Mediapart is famous for its investigative journalism. The digital news platform is available in French, English and Spanish. It is pay-walled from the day of its lunch in 2008, which signifies that nobody can open the website without a subscription. In Indian currency, the annual subscription of Mediapart is about ten thousand rupees. Students, the unemployed and pensioners can avail rebate at a subscription rate which amounts to about four thousand five hundred rupees. The paid subscriber base of Mediapart was estimated two lakh twenty thousand in 2021.
French newspapers enjoy a reputation in the international market. Generally, news platforms are owned and managed by industrial houses. Le Monde is a prestigious newspaper published from Paris since 1944. Edwy Plenel worked between 1980 and 2004 and was positioned as the editor-in-chief during 2000-2004. He led a group of six co-founders to launch an investigative news site being disillusioned with the state of contemporary French media. Mediapart started operation with 25 employees which rose to a staff strength of 131 by 2022, including 72 journalists and 59 employed incharge of marketing, technology and subscriber relations.
Ownership of news platforms determines its independence. Though Mediapart was developed as a company, the founders of the establishment transferred their shares to form a non-profit endowment in 2019 with the sole aim to prevent any potential takeover. Mediapart offers decent salaries to its employees. It believes that good journalism is a byproduct of the better livelihood of the newsworkers.
Mediapart editorial policy opposes traditional media wisdom. Generally, digital news platforms lay emphasis on (i) swift, (ii) short, (iii) covering many stories, (iv) for free circulation, (v) optimizing search engine rankings. But Mediapart (i) covers only a select number of stories, (ii) which are people-centric, (iii) written in long-form, (iv) not in a hurry to break the news, (v) publish in a pay-walled platform. It entertains a different experience to the news consumers. In India, the English daily newspaper The Telegraph published by Kolkata-based Anand Bazar Patrika Group and digital news site The Wire adopt such practices in reporting to an extent.
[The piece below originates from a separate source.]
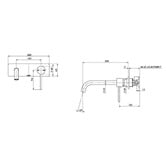 Phoenix Tapware Vivid Slimline 220mm Bath/Basin Wall Mixer Set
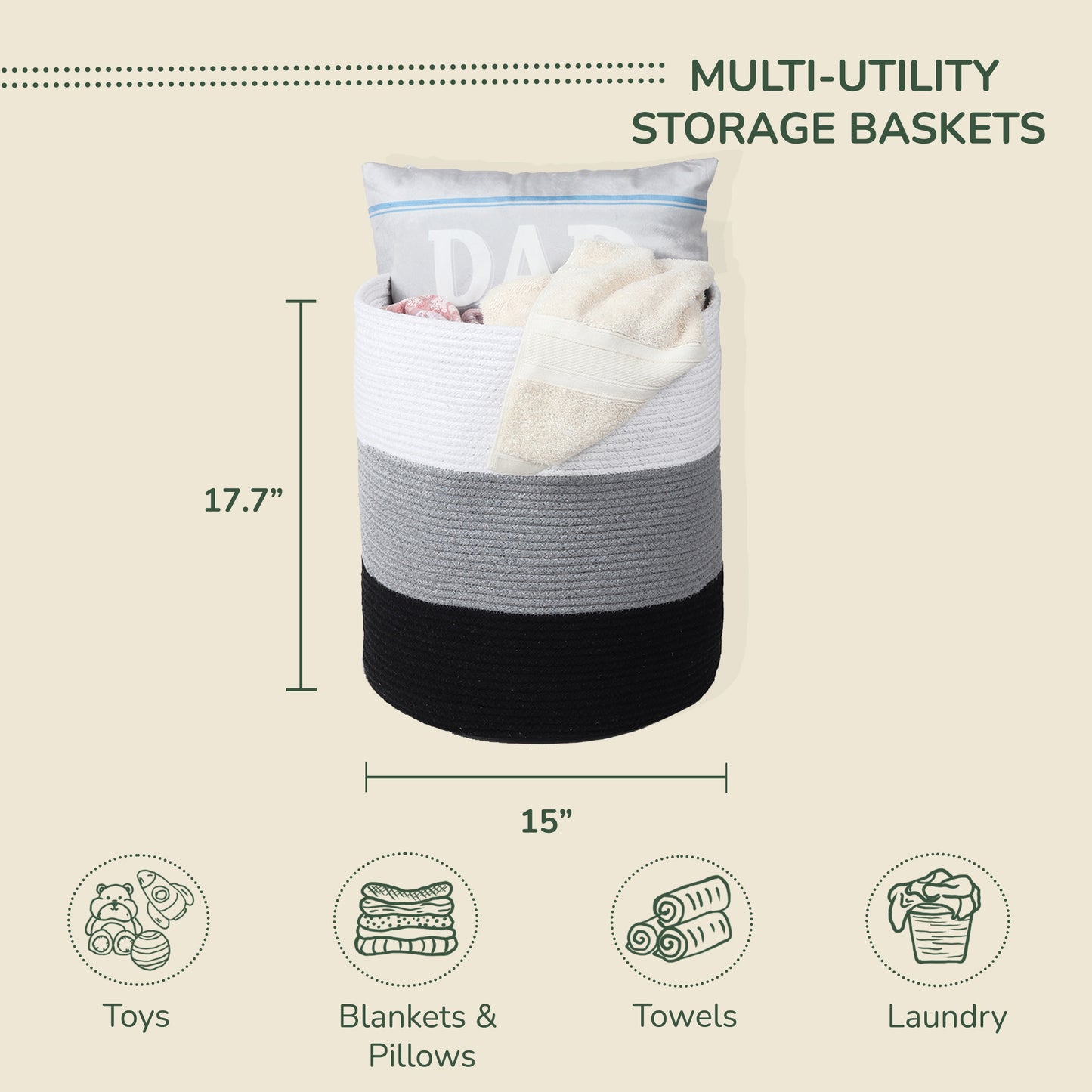 Cotton Basket without Lid Black/Grey/White 15x15x17.7" - India Wholesale Co.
Qualitative journalism requires experimentation in form, and style in both editorial and business models. Most of news platform publishers avoid innovative approaches. They prefer to rely an models those are succeeded earlier and believe to be safe and consider a means to achieve success. However, in reality, such an attitude proves to be faulty in 90 percent of cases everywhere. The continuous struggle for existence imposes a wrong impact both upon publications and the quality of journalism.
Mediapart struggled in the beginning years. To launch the new platform seven founders gathered 60 percent of the project finance from their personal savings and 40 percent from investors. The initial fund was designed to last for three years. But in the absence of funds by the second year, the promoters went for a bank loan to pay salaries to the employees. By the third year of publication, only 20,000 paid subscriptions were sold. However, the breaking of investigative stories attracted readership and by 2011 the venture reached a break-even point in the business accumulating 60,000 subscribers.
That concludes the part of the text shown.